### The input ###
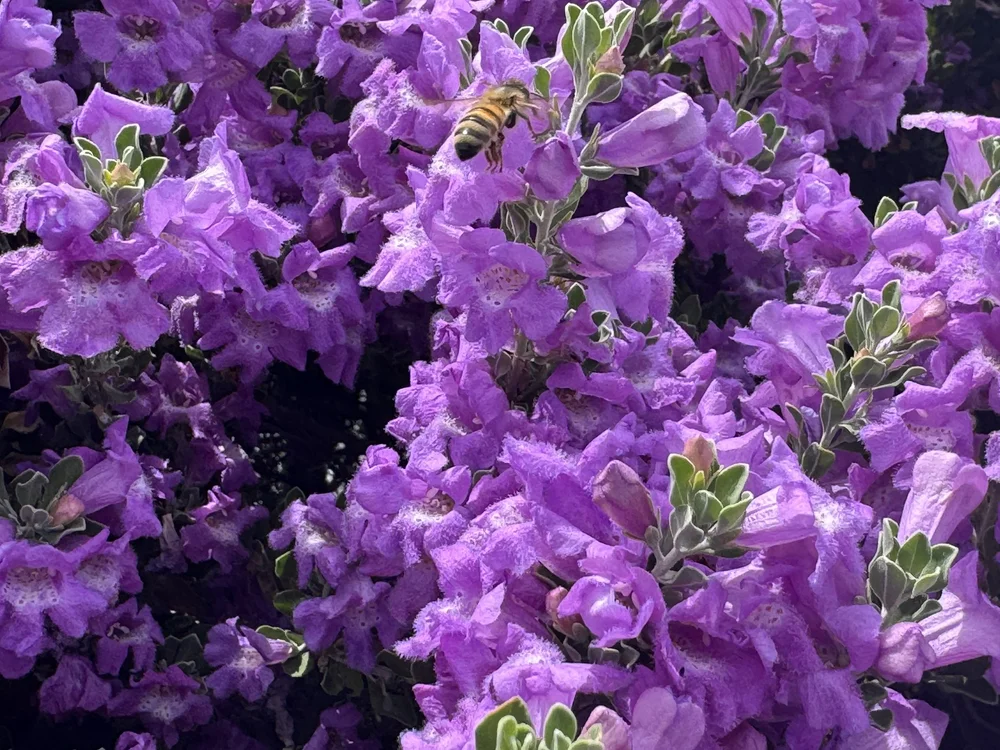 Purple blossoms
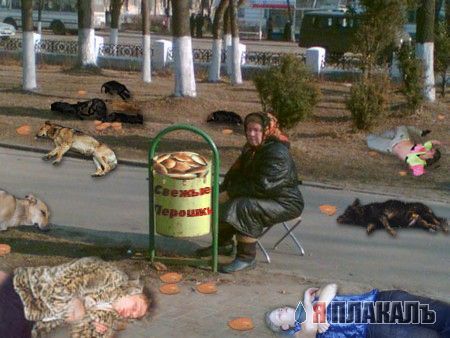 Фотожаба: Бабка и мусорный бак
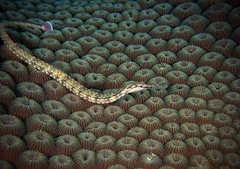 Corythoichthys ocellatus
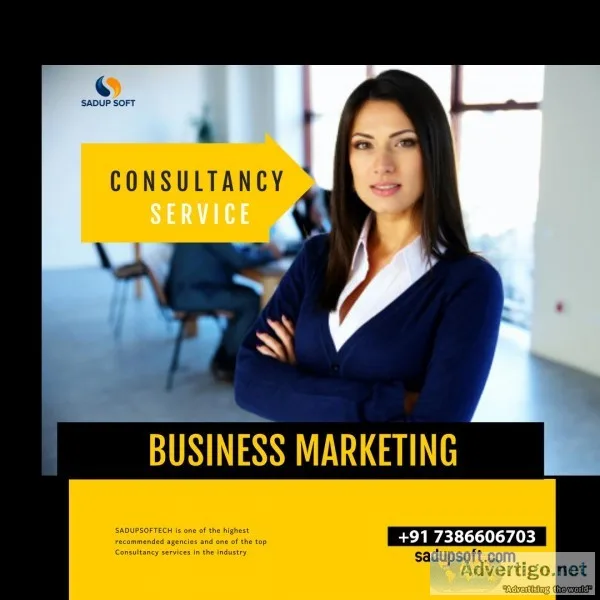 Business Consultancy Services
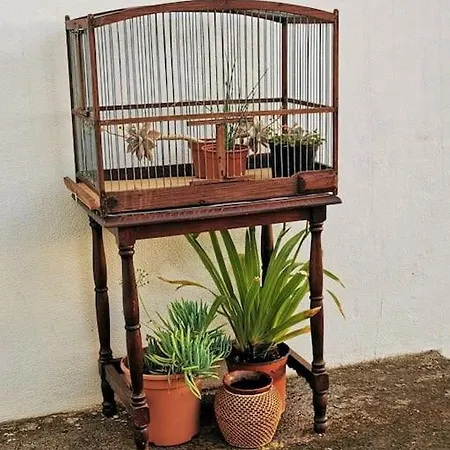 Casa Entre Viñedos Сasa de vacaciones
###
● Exercise objective:
Please print the lines from the one holding "Фотожаба: Бабка и мусорный бак" through the end of the records above, unchanged and with the pictures left out.

● Answer to the exercise:
 Фотожаба: Бабка и мусорный бак
 Corythoichthys ocellatus
 Business Consultancy Services
 Casa Entre Viñedos Сasa de vacaciones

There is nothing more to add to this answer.